__WHAT YOU HAVE TO DO__: For the entries below, copy exactly the line that contains "3 pcsset luxury" through the line that contains "64 Count Toilet", both ends included, and exclude all pictures.

__PROVIDED DATA__:
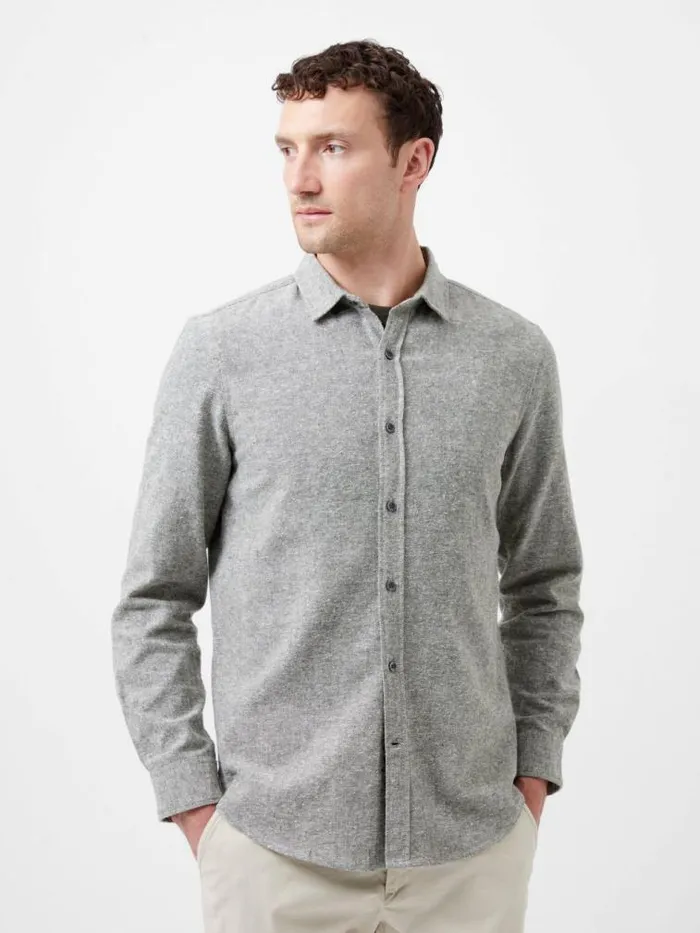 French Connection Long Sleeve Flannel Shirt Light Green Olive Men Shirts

---

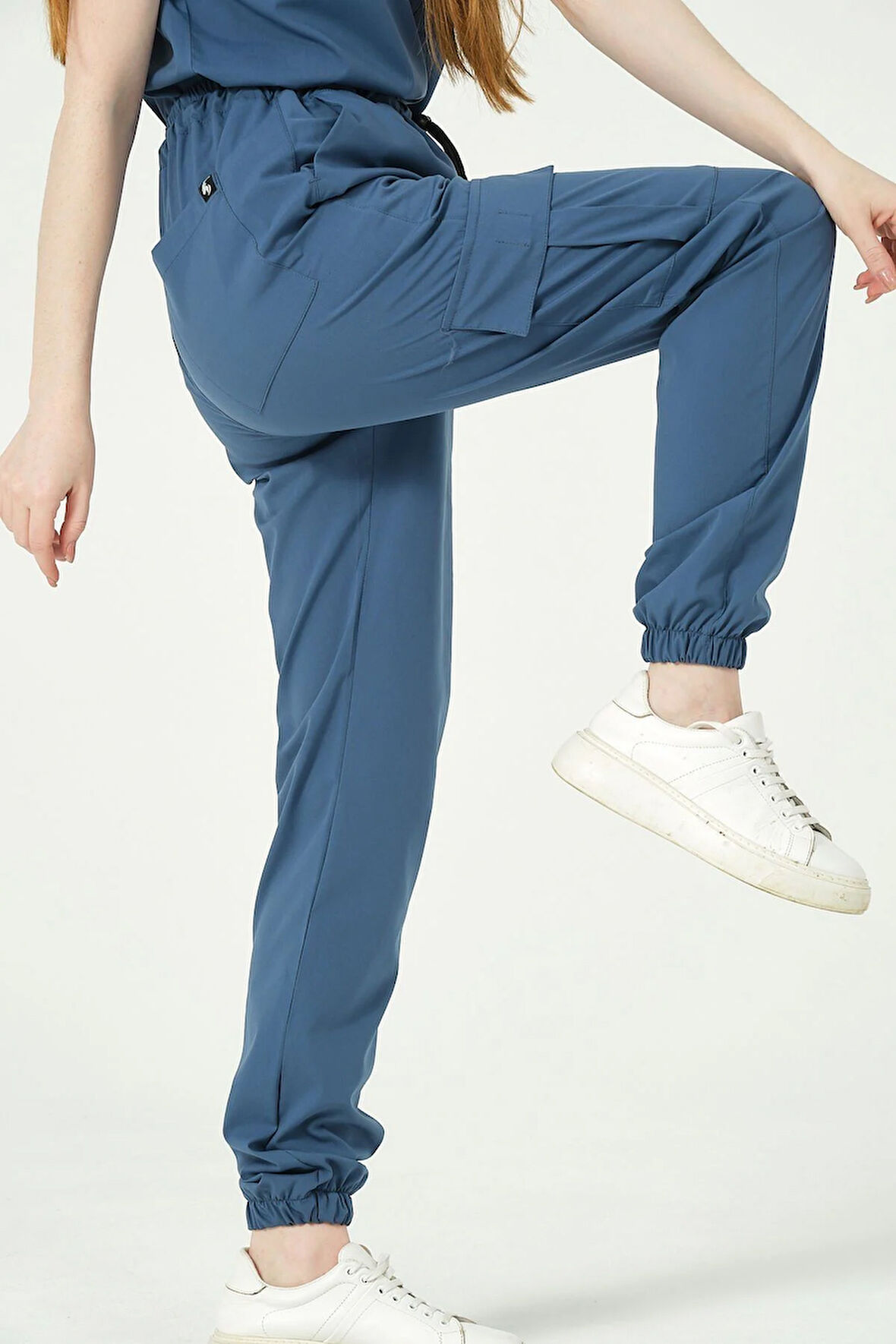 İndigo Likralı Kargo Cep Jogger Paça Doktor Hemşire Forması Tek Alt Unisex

...

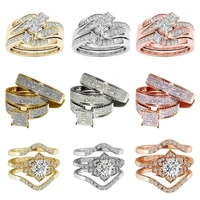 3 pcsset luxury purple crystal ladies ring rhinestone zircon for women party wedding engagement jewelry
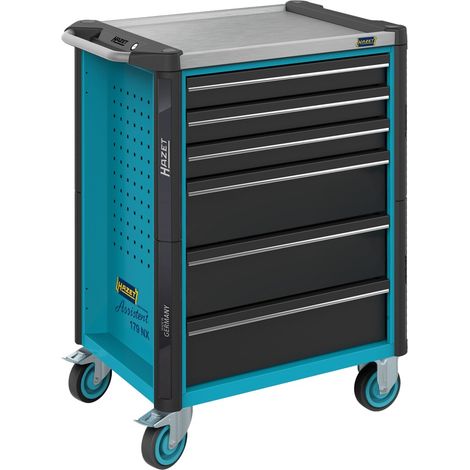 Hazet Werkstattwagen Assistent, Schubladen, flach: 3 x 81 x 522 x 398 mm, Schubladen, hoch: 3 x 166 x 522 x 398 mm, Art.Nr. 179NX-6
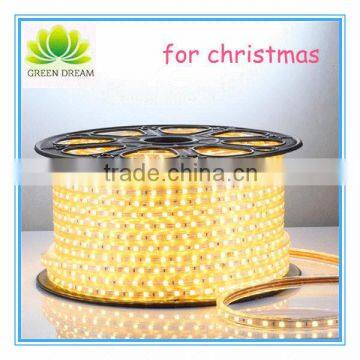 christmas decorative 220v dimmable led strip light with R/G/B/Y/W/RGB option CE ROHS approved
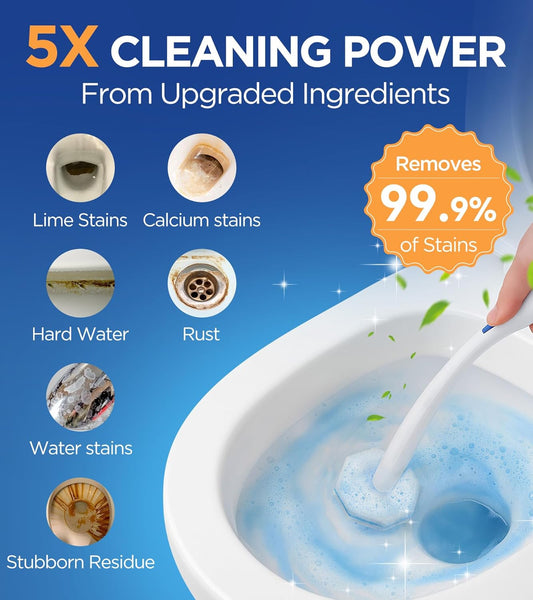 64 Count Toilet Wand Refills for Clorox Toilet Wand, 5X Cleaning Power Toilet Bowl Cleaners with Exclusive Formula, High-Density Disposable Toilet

__SOLVED EXERCISE__:
 3 pcsset luxury purple crystal ladies ring rhinestone zircon for women party wedding engagement jewelry
 Hazet Werkstattwagen Assistent, Schubladen, flach: 3 x 81 x 522 x 398 mm, Schubladen, hoch: 3 x 166 x 522 x 398 mm, Art.Nr. 179NX-6
 christmas decorative 220v dimmable led strip light with R/G/B/Y/W/RGB option CE ROHS approved
 64 Count Toilet Wand Refills for Clorox Toilet Wand, 5X Cleaning Power Toilet Bowl Cleaners with Exclusive Formula, High-Density Disposable Toilet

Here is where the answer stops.